When the corn had been husked and the fodder hauled into the barn, when the
buckwheat was flailed and the green and yellow pumpkins brought in from the
fields, when the potatoes were dug and stored in safe bins in the frost-proof
cellar, when turnips and cabbage had been taken to the cellar or stored in
straw-lined mounds in the field, when apples had been picked and all the fruits
of the farm safely gathered and stored and a yellow October moon shone down on
the cornstubble, the festive paring bees began and continued well into the
winter. Many a country youth met the girl who later was his bride at a paring
bee. For young and old came from miles around and girls visiting with friends or
relatives would always "stay over" to attend a big paring bee, where fifty to a
hundred people would be gathered for a good time.

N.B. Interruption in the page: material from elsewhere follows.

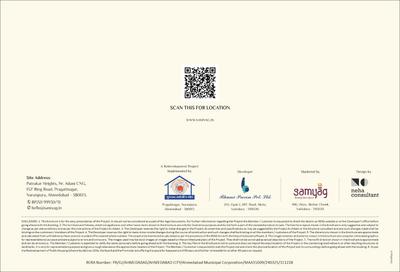 Patrakar Heights Brochure 9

In November of the year 1865, Bob Shaw held a paring bee, at his home a mile or
two from Chandlers Valley, that is still fresh in the memories of a few men and
women living in Warren County. Bob was known as a generous entertainer, everyone
knew there would be a royal good supper served at the Shaw place when the apples
were pared and cut and strung. An invitation in the rural districts of Warren
County in 1865 was a general invitation, everybody was invited. There were no
cards, maybe it was announced in the singing school, or a notice put up at the
store. But usually the word was just passed around and that meant a general
invitation. Folks heard a sugar party or a corn husking or a dance was to be
held at some neighboring home, and knew they'd be expected. Clothes were not so
very important. Of course the girl with a new Paisley shawl might attract
considerable attention, or the young man just back from Pittsburgh or Buffalo,
with a new suit of store clothes, might catch the eyes of the girls. But many a
beauty came in calico and more than one handsome lad saw nothing out of place in
appearing at the party in his butternut jeans, suspenders and a blue shirt.

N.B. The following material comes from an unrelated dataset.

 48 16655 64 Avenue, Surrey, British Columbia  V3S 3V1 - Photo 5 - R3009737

The earliest oil lamp was just beginning to be a dubious novelty in farm houses
of this region, that November evening when all the countryside 'round about
Chandler's Valley, gathered for a paring bee at the hospitable farm home of Bob
Shaw. Many a cow was milked early that day, many a horse had his evening corn
and a good bed of straw an hour before the usual time. The inexorable farm
chores were finished with dispatch, the wood stove in the kitchen was filled
with fuel, the draft shut so it would burn slowly and the whole family set out
afoot for the paring bee. From miles around they came, nearly all of them
walking. Grandma Baker from near Sugar Grove was brought down in the farm wagon
behind a team of oxen. A great, soft moon hung over the hills, rabbits were
hopping in the shorn fields, and in the deep shadow of hemlocks hoot owls
called. There was one new oil lamp in the Shaw home, a proud possession recently
purchased in Warren. It stood lighted in the center of the table in the middle
room, an emblem of brighter evenings for the farmers of Warren County. Cautious
mothers kept their children at a safe distance from the lamp. Old Mrs. Bartlett
declared oil lamps might be brighter, but she'd stick to her candles, because,
so far as she knew, a candle never blew up and killed anyone. The kitchen was
illuminated with candles, a half dozen of them, long, slender, molded tallow
candles, the last advance in lighting before the oil lamp.

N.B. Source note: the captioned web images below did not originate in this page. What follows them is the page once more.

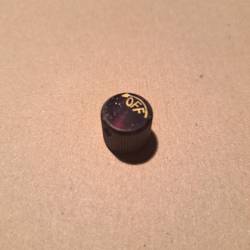 PVS-4 Knob SM-D-850116-1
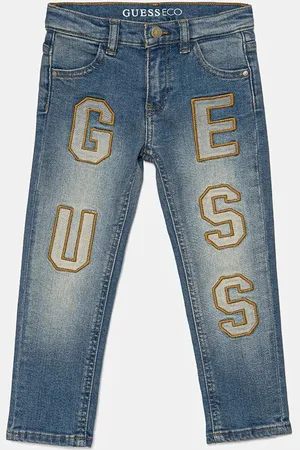 Guess Dětské rifle N4BA04 D4GV0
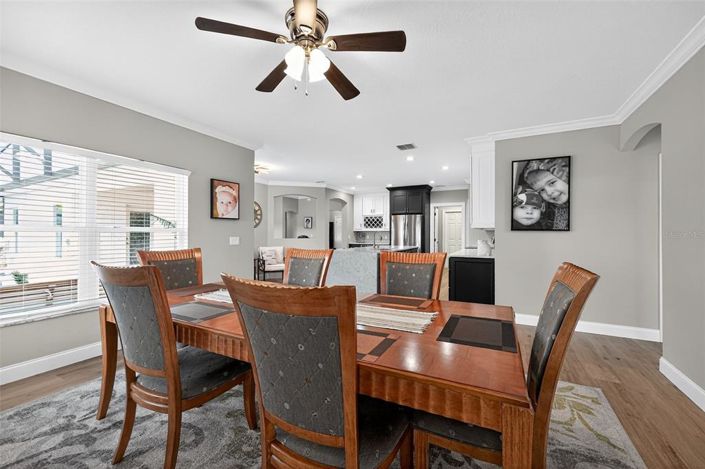 Image No.23-Propriété de 4 chambres à vendre à Kissimmee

Every road and path seemed full of people coming to the paring bee. From a
distance, carried on the soft night air, came sounds of voices, laughter. On a
woods path leading down the hillside, showed the faint spark of a lantern, a
candle-lantern, carried by some coming guest who had to travel a dense woodland
trail where the friendly moonlight could not penetrate.
On the bare board floor of the farm house, the apples were piled in two
pyramids, bushels and bushels of red-streaked spies, ruddy baldwins, juicy
bellflowers, greenings and yellow-coated russets. Four large tubs stood empty on
the floor, ready to hold the cut apples. As the guests arrived they took seats
on low benches made by laying a stout plank from one stool to another. They sat
in squared circles, each group with a tub in its center. The guests had brought
their own knives, no farm house could reasonably be supposed to boast a hundred
or more paring knives, and all fell to work with a will, rapidly paring the
apples, coring, then snipping them into eighths, or smaller. Men and women,
young men and girls worked side by side, catching up the smooth, round apples,
slipping them 'round and 'round, fetching off the skin in a long, curving strip,
deftly turning out the core, cutting them quickly into pieces and pitching the
handful into the tub. When someone brought off the entire peel of an apple
without breaking the strip, he flung the peel three times 'round his shoulder
and onto the floor. The letter-shape it fell in, told the initial of his true
love. "Elmer Woodin threw an L, Elmer loves Lucy,-Elmer's goin' to marry Lucy
Young," and they'd keep it up till somebody else brought off a peeling whole and
cast an initial on the floor.
It was the boys' job to keep the parers supplied with apples from the heaps on
the floor, no use a parer losing time by getting up for more apples. The boys
shoved the fruit toward the workers with splint brooms, or pushed them with
their feet, what matter, the apples were all going to be peeled.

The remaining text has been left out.